Une fois le tiran Iranien envoyé en Enfer, lieu qui doit lui être réservé après les horreurs et les crimes commis dans ce bas monde, essayons de voir quelles sont les conséquences économiques que cela va entraîner.
Le conflit en Iran entraîne une flambée des prix du pétrole et du gaz, ce qui va renchérir immédiatement la facture énergétique d’une France très importatrice. Cette hausse peut se diffuser à l’ensemble de l’économie via le carburant (plus de 2 € le litre...), le chauffage et les coûts de transport, ce qui va rogner le pouvoir d’achat des ménages et les marges des entreprises. L’inflation peut repartir à la hausse, compliquer la politique monétaire en zone euro et retarder la baisse des taux d’intérêt dont dépend la reprise. La croissance française va se trouver freinée par ce choc de coûts, mais aussi par le ralentissement du commerce mondial et des investissements dans un climat d’incertitude géopolitique. Les exportations vers le Moyen‑Orient, déjà sensibles aux tensions, vont se trouver durablement pénalisées, notamment dans l’aéronautique, l’énergie et certains biens de consommation. Sur les marchés financiers, la volatilité augmente, les indices actions reculent et les valeurs jugées défensives progressent, ce qui peut peser sur l’épargne des ménages.
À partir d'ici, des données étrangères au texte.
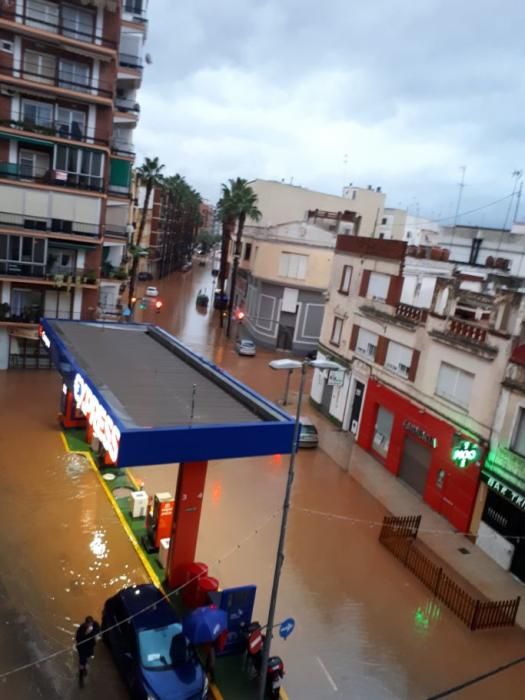 Consecuencias de las lluvias torrenciales caídas esta madrugada y esta mañana en Alzira.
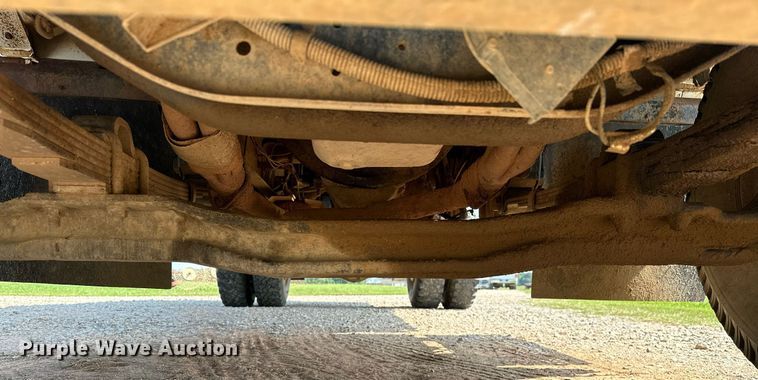 image for item OC9039 1981 International 1724  dump flatbed truck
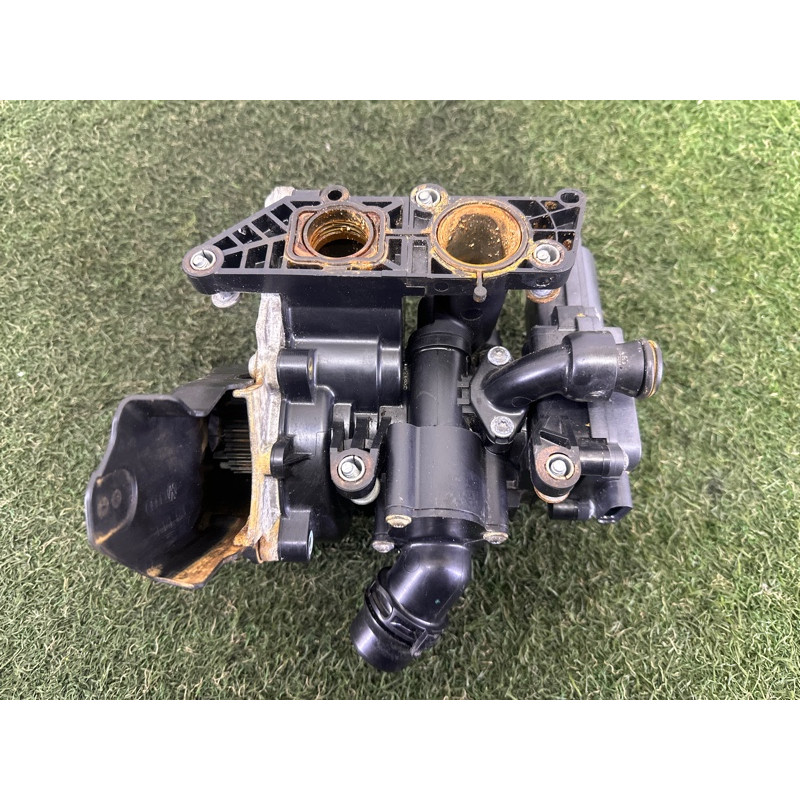 Корпус термостата с помпой (система охлаждения) AUDI A4 B9 2017 2.0 TFSI 06L121111H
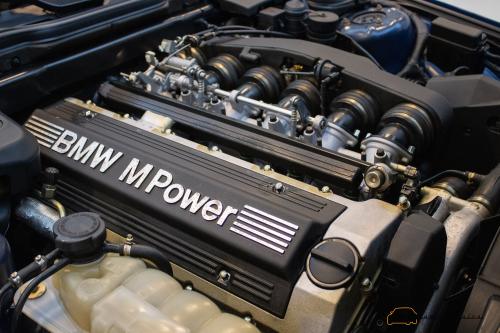 BMW M5 3.8 E34 | 41.000KM | 340HP | HiFi | Memory Seats | Seat Heating | Avusblau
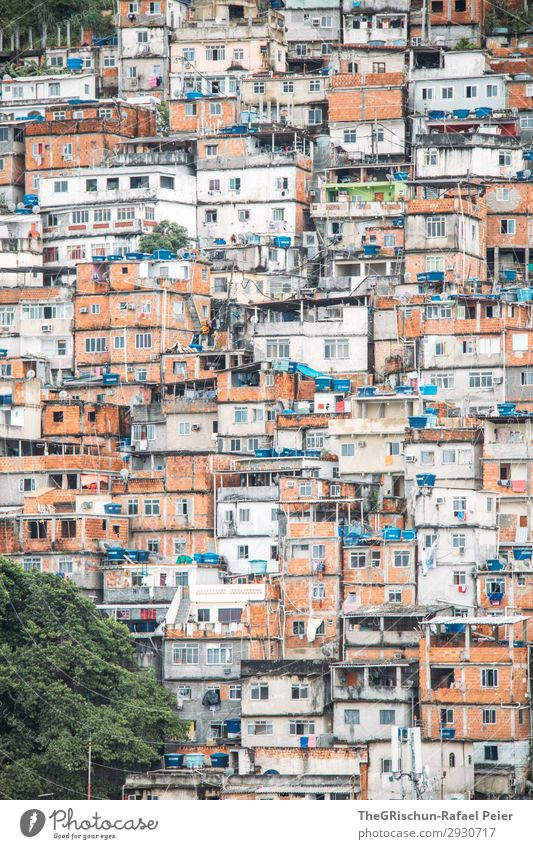 Favela Stadt bevölkert blau braun orange rot schwarz silber weiß Rio de Janeiro Armut Rauschmittel bandenkrieg favelas outcast ausgeschlossen Arme Haus
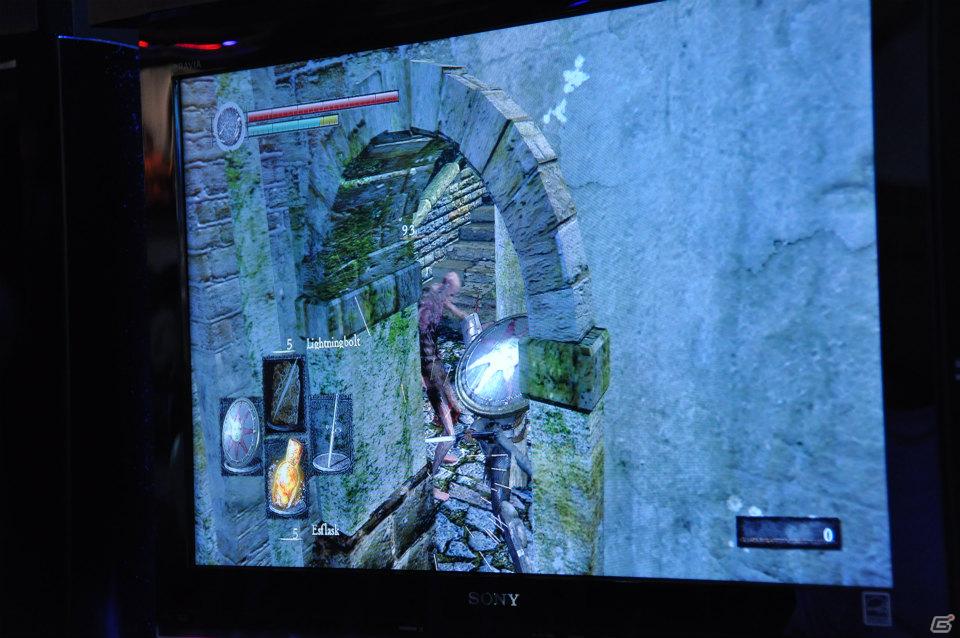 【E3 2011】「エースコンバット アサルト・ホライズン」「ダークソウル」などがプレイアブル出展！「バンダイナムコゲームス」ブースレポートの画像26
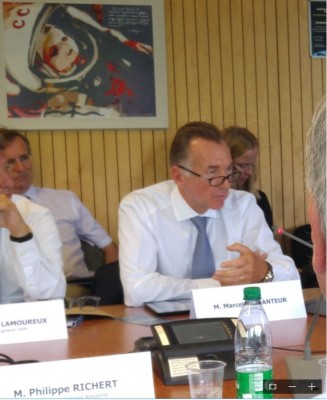 lilly_usa_multinational_representative_speaks_at_isu_meeting_with_french_pm__eurofora_400_02 lilly_usa_multinational_representative_speaks_at_isu_meeting_with_french_pm__eurofora_400_02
Le coût de financement de la dette publique va encore s’élever, mettant sous pression un budget français déjà fragile. L’État pourrait mettre alors en place des boucliers tarifaires ou des aides ciblées, ce qui alourdirait encore les déficits. À moyen terme, ce conflit peut accélérer la transition énergétique et la diversification des approvisionnements pour réduire la dépendance aux hydrocarbures du Golfe. L’ampleur réelle de ces conséquences dépend toutefois de la durée du conflit et de son degré d'extension à l’ensemble de la région.
Prions pour que ce conflit cesse et que le peuple Iranien reprenne les rênes de son destin. Le Monde entier connaitrait un apaisement tant souhaité.